§ **Recorded information**:
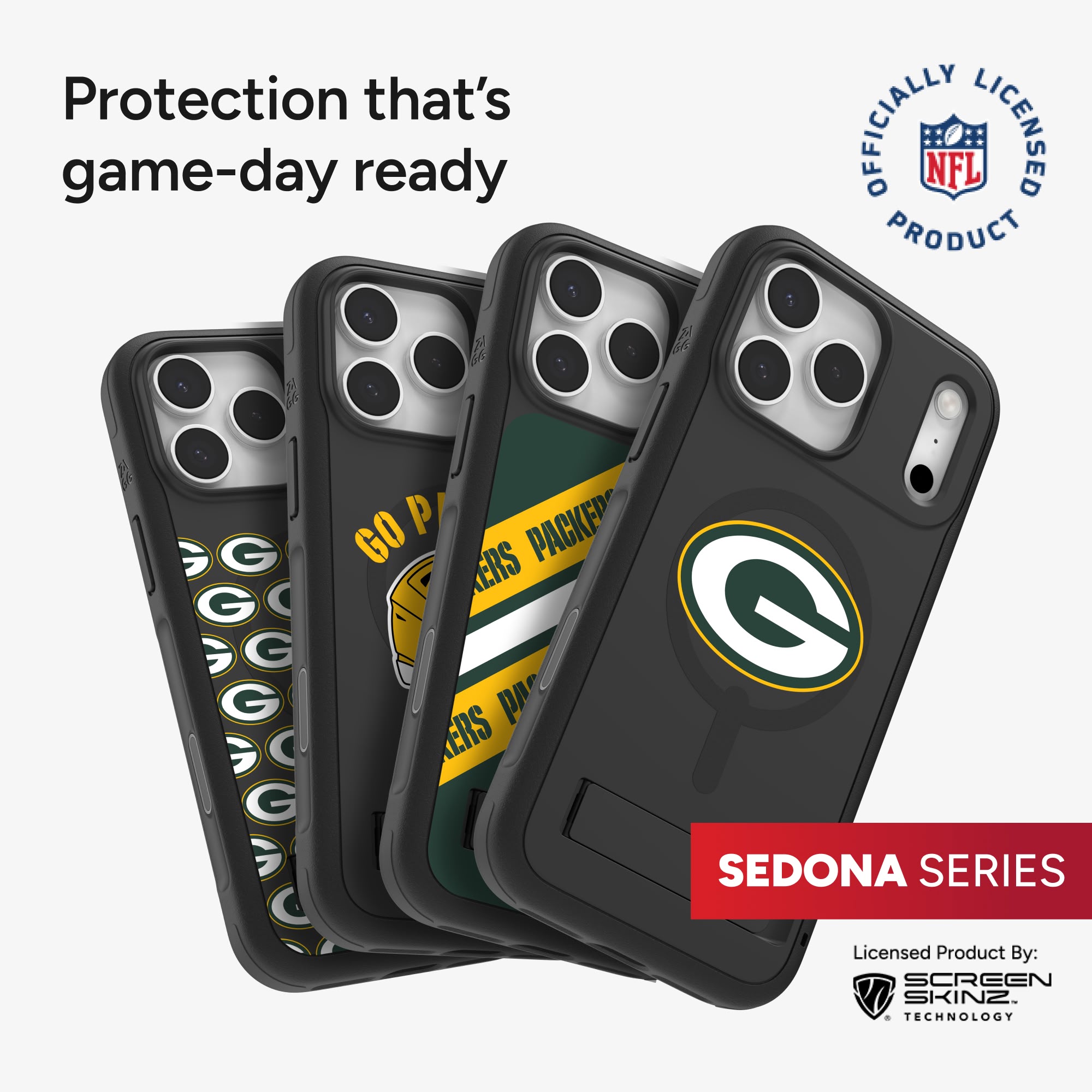 Green Bay Packers - Sedona iPhone 17 Pro Max Custom Case 4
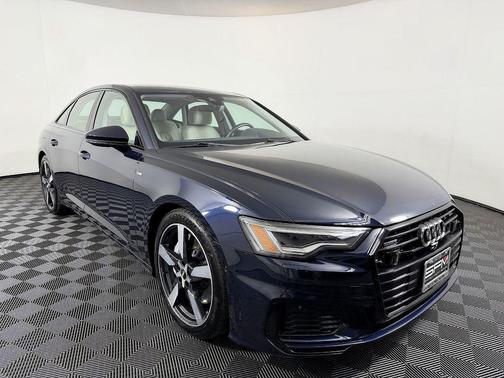 Firmament Blue Metallic 2020 Audi A6 55 Premium Plus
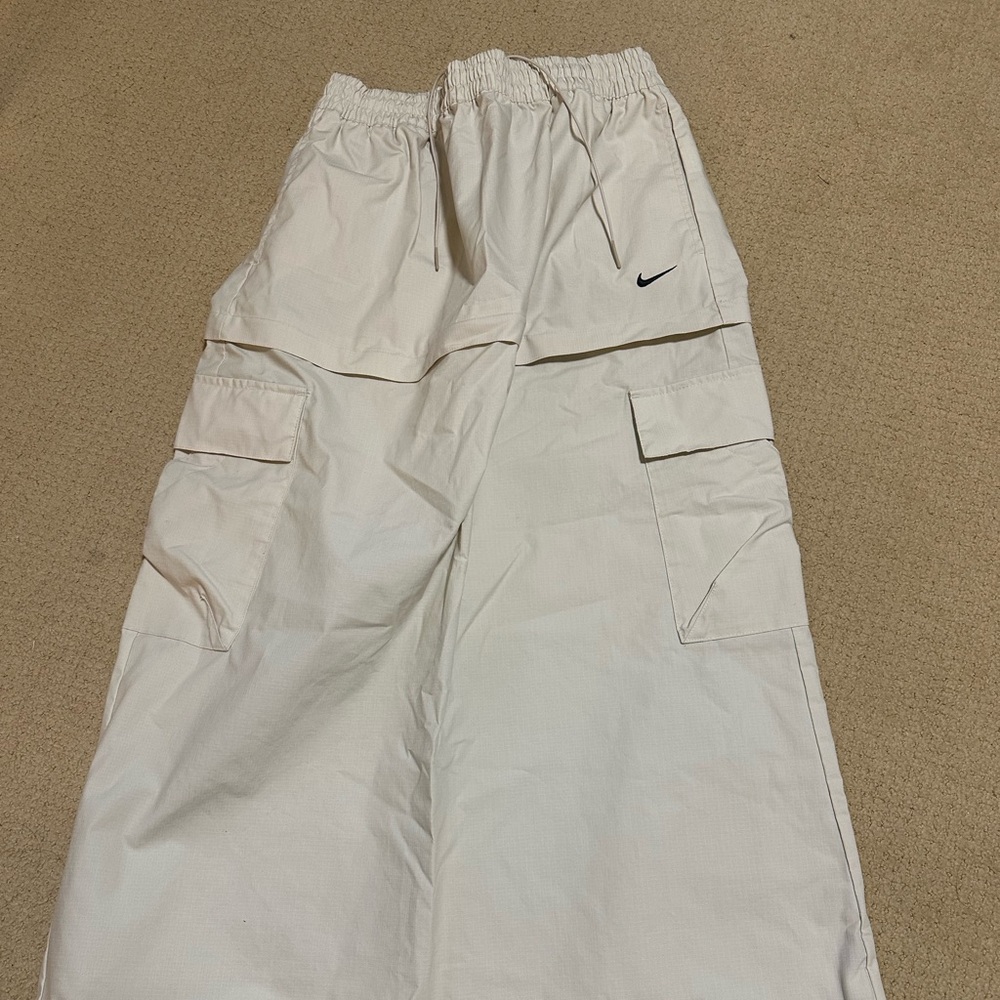 Nike woven 2 in 1 maxi and Mini skirt size S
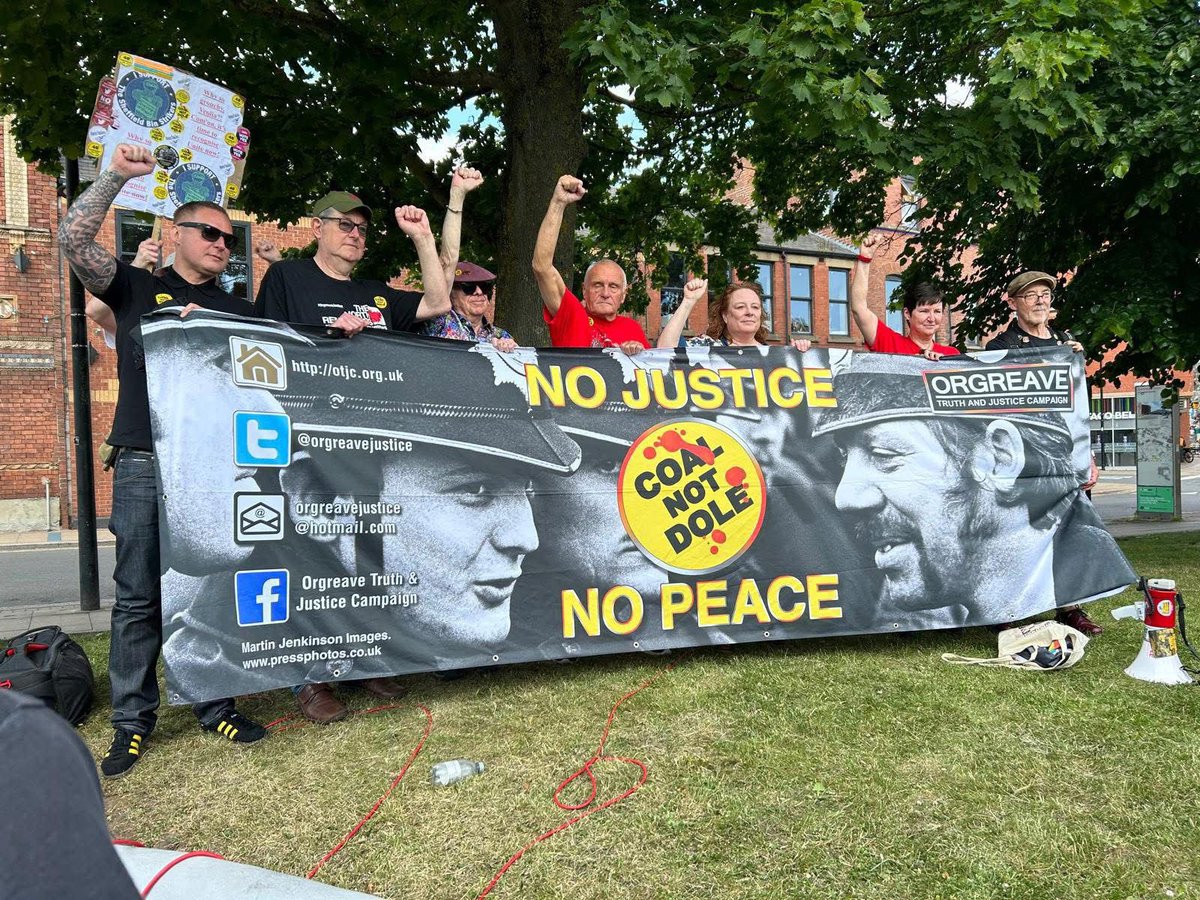 orgreavejustice's tweet image. ORGREAVE INQUIRY ANNOUNCED!
The government have announced an inquiry will take place into Orgreave. Please see and share our press release
otjc.org.uk/orgreave-truth…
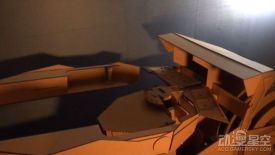 纸板达人打造《游戏王》机车式决斗盘 还真能行驶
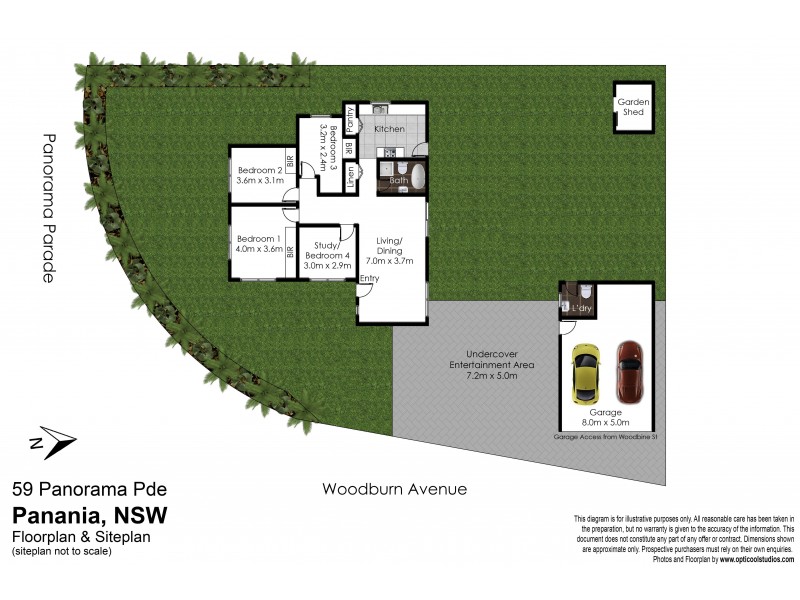59 Panorama Parade, Panania NSW 2213 Floorplan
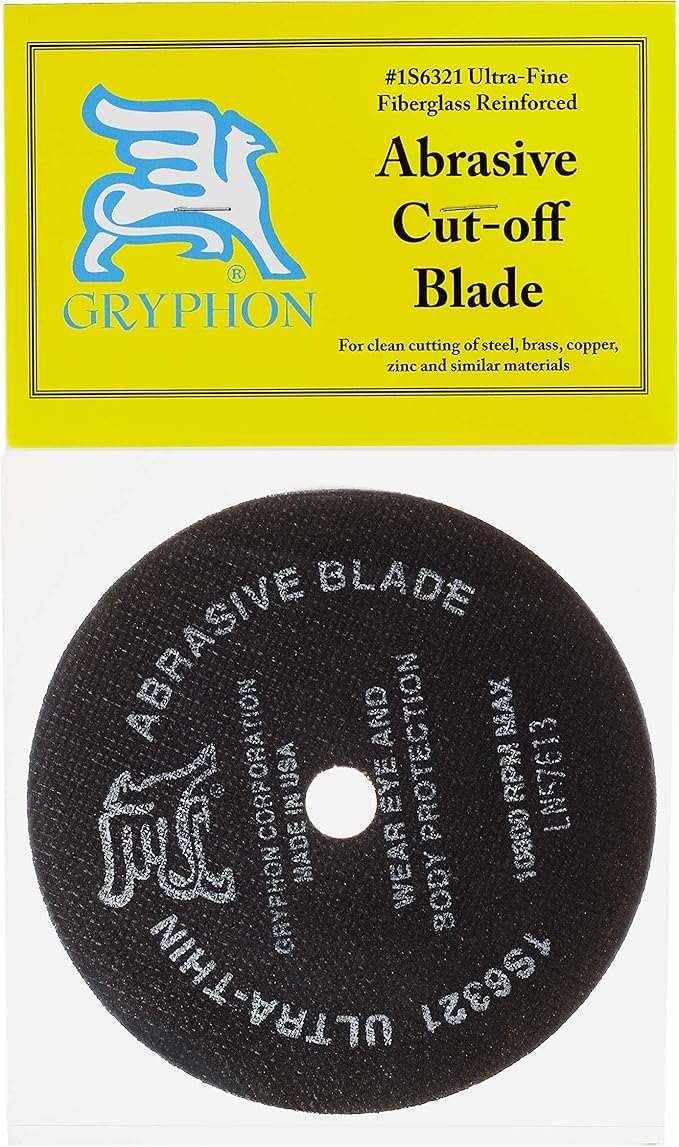 Gryphon Abrasive Blade for Came Chop Saw – 5.625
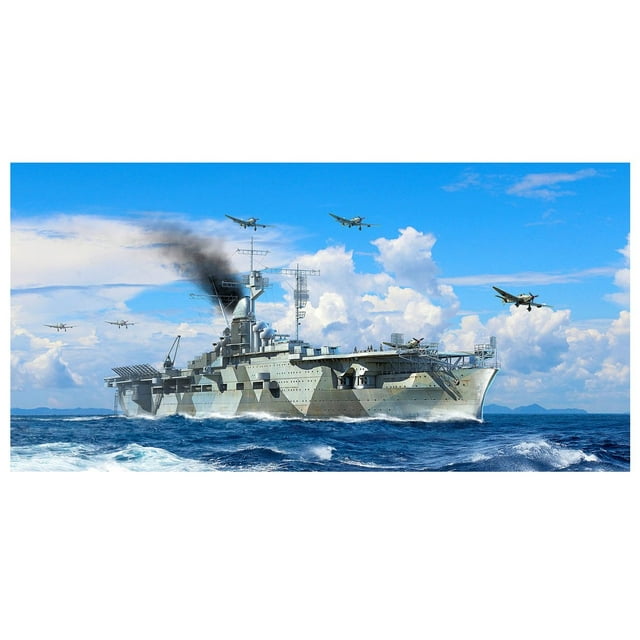 Kit modelo Trumpeter TRU06709 con modelo detallado e instrucciones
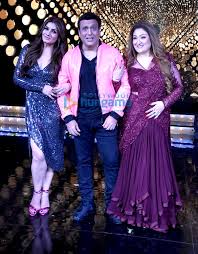Narmmadaa was born on july 16, 1988, and is fondly known as tina and is an actress by profession. Photos Govinda And Sunita Ahuja Snapped On The Sets Of Nach Baliye 4 Raveena Tandon Govinda Sunita Ahuja Images Bollywood Hungama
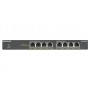 Netgear GS308PP Non gestito Gigabit Ethernet (10/100/1000) Supporto Power over Ethernet (PoE) Nero (GS308PP-100EUS)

§ **Exercise goal**:
Every line from the one that holds "Kit modelo Trumpeter" to the last line of the records above goes into the answer, exactly as written; nothing else does, and no picture does either.

§ **Task solution**:
 Kit modelo Trumpeter TRU06709 con modelo detallado e instrucciones
Narmmadaa was born on july 16, 1988, and is fondly known as tina and is an actress by profession. Photos Govinda And Sunita Ahuja Snapped On The Sets Of Nach Baliye 4 Raveena Tandon Govinda Sunita Ahuja Images Bollywood Hungama
 Netgear GS308PP Non gestito Gigabit Ethernet (10/100/1000) Supporto Power over Ethernet (PoE) Nero (GS308PP-100EUS)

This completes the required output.